Records supplied:
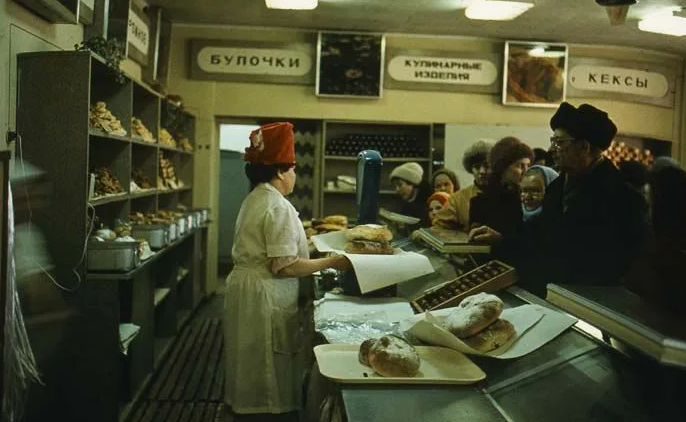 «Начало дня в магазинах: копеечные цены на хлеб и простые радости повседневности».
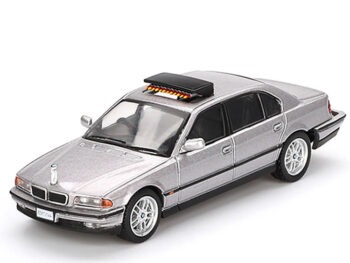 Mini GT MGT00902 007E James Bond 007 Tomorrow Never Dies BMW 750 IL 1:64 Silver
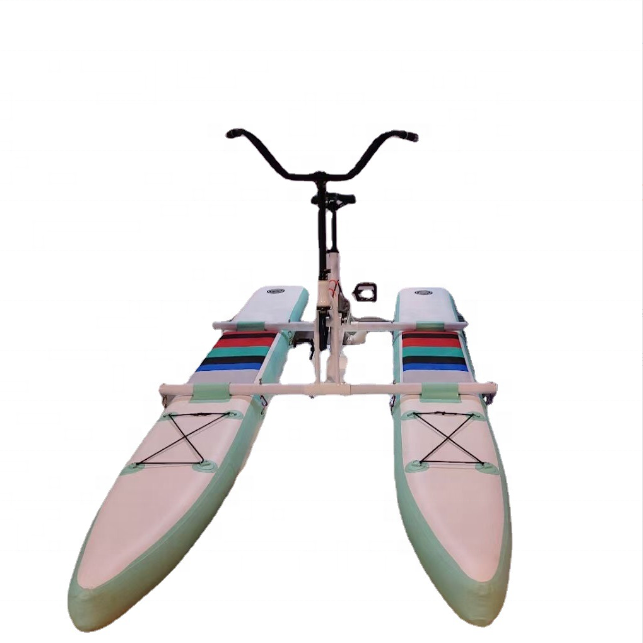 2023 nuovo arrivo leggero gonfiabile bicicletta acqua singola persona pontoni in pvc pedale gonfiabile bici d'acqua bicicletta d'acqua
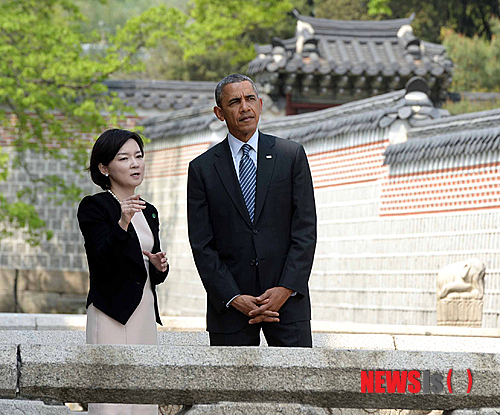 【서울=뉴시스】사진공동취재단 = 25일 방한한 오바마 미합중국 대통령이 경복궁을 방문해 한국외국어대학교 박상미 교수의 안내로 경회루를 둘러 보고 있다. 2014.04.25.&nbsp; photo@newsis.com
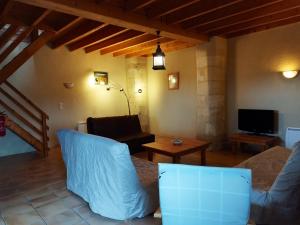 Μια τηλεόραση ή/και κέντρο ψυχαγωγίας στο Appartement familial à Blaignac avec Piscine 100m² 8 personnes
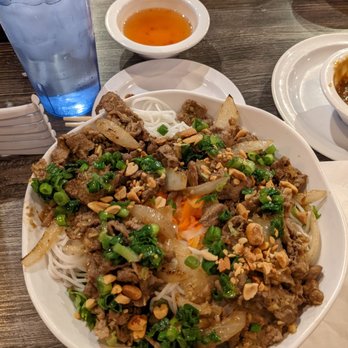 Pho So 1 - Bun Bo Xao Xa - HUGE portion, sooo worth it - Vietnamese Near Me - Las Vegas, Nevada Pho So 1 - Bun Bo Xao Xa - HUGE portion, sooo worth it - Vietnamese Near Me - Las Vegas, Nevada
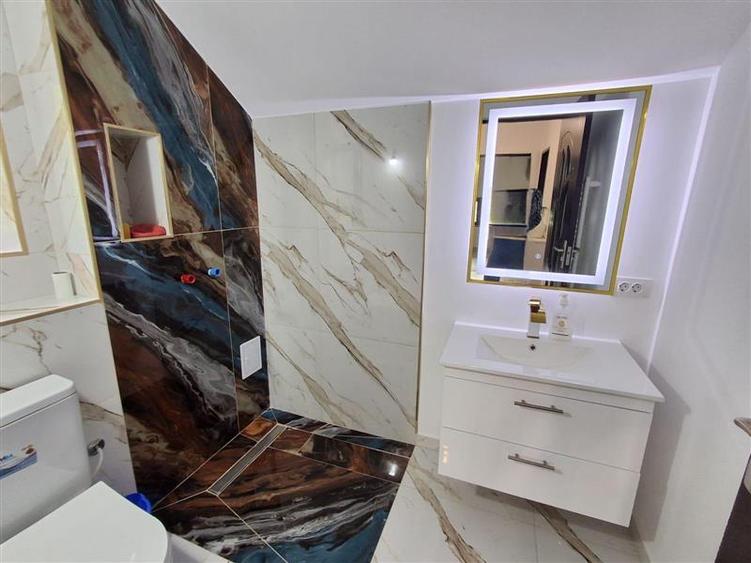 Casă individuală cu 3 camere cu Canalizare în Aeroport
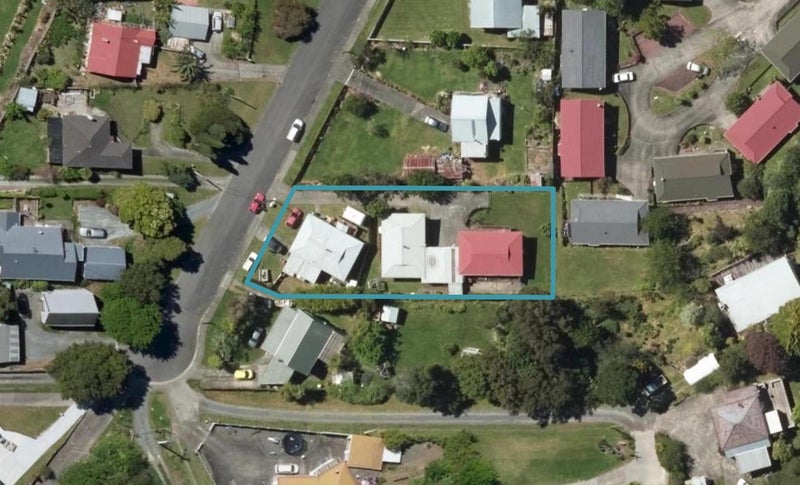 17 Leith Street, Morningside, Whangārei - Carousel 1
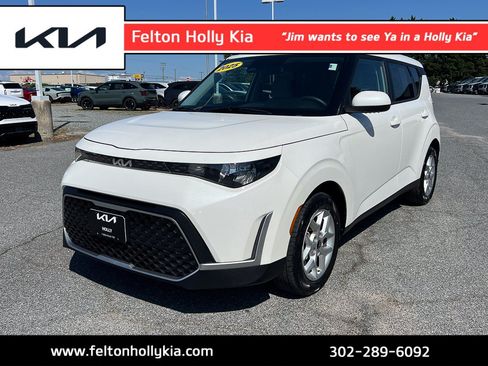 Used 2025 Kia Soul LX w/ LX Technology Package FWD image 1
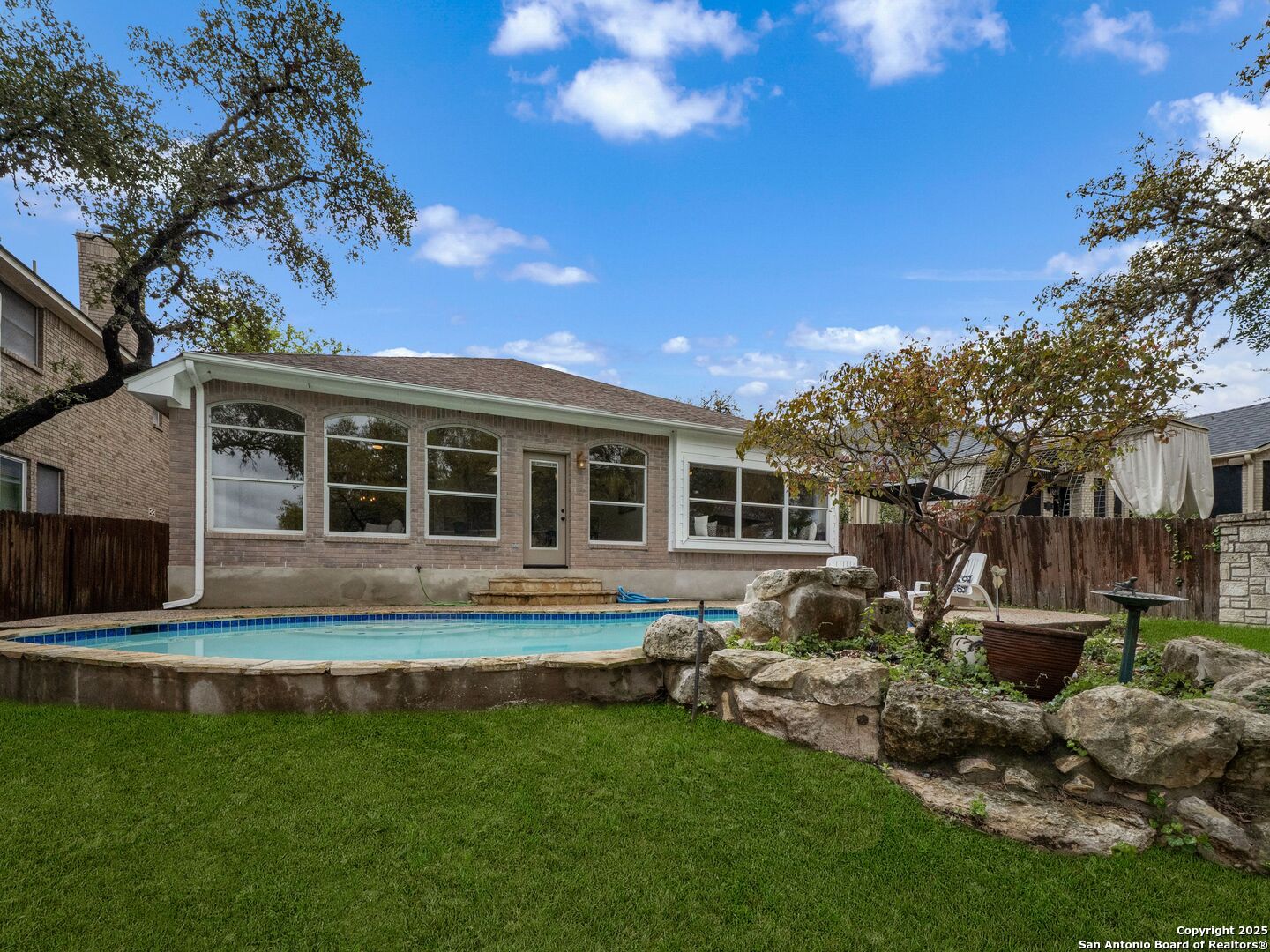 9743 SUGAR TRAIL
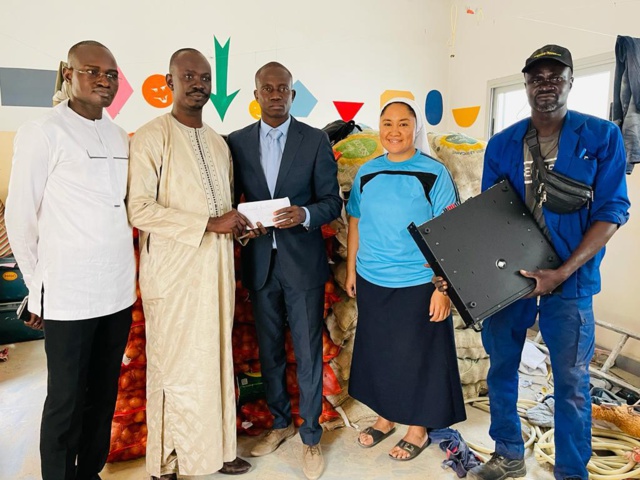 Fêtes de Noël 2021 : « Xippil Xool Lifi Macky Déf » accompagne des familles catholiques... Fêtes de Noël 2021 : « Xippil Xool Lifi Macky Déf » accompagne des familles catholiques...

Task objective: Copy all the entries above exactly as they stand, except for the pictures.

Completed task:
 «Начало дня в магазинах: копеечные цены на хлеб и простые радости повседневности».
 Mini GT MGT00902 007E James Bond 007 Tomorrow Never Dies BMW 750 IL 1:64 Silver
 2023 nuovo arrivo leggero gonfiabile bicicletta acqua singola persona pontoni in pvc pedale gonfiabile bici d'acqua bicicletta d'acqua
 【서울=뉴시스】사진공동취재단 = 25일 방한한 오바마 미합중국 대통령이 경복궁을 방문해 한국외국어대학교 박상미 교수의 안내로 경회루를 둘러 보고 있다. 2014.04.25.&nbsp; photo@newsis.com
 Μια τηλεόραση ή/και κέντρο ψυχαγωγίας στο Appartement familial à Blaignac avec Piscine 100m² 8 personnes
 Pho So 1 - Bun Bo Xao Xa - HUGE portion, sooo worth it - Vietnamese Near Me - Las Vegas, Nevada Pho So 1 - Bun Bo Xao Xa - HUGE portion, sooo worth it - Vietnamese Near Me - Las Vegas, Nevada
 Casă individuală cu 3 camere cu Canalizare în Aeroport
 17 Leith Street, Morningside, Whangārei - Carousel 1
 Used 2025 Kia Soul LX w/ LX Technology Package FWD image 1
 9743 SUGAR TRAIL
 Fêtes de Noël 2021 : « Xippil Xool Lifi Macky Déf » accompagne des familles catholiques... Fêtes de Noël 2021 : « Xippil Xool Lifi Macky Déf » accompagne des familles catholiques...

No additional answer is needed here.